BTW, PT100 on the PSL table shows strange values on the SummaryPages. But there is no such strange behavior on the ndscope via k1nds0 (see the bottom panel of Fig.1). I'm not sure which NDS server is used to read past data on SummaryPages. Anyway, SummaryPages data in this evening is not so reliable.

Images attached to this comment
DGS (General)
takahiro.yamamoto - 11:20 Thursday 02 May 2024 (29376) Print this report
Comment to Taking backup of the core system of DGS (29361)
The NFS region were unavailable on some dgs workstations
=> I re-mounted it on each WS. It's now available.

awgtpman problem
=> I launched awgtpman as the only-tpman (without awg) mode as a temporary solution.
Test points are now available and excitations are unavailable.
Full-scale investigation and restoration works will be done tomorrow in order to avoid conflicts with today's works.
DGS (General)
takahiro.yamamoto - 2:16 Thursday 02 May 2024 (29374) Print this report
Comment to Taking backup of the core system of DGS (29361)
I found that if awgtpman was in an only tpman mode or an only awg mode, it would not terminate.
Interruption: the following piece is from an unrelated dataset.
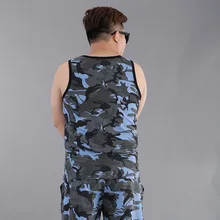 Стиль, летняя мужская одежда большого размера, стиль, повседневный синий Камуфляжный мужской жилет, плюс размер, мужской жилет d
This means there is no problem on the function of awg and tp. Because awggui requires both test point and excitation channels, I couldn't check the excitation works well in the only awg mode. At least test point is available in the only tpman mode and I have been able to see test points by ndscope, diaggui etc. But awgtpman process can run only one process per real-time models. So we must find the way to launch awgtpman in awg+tpman mode.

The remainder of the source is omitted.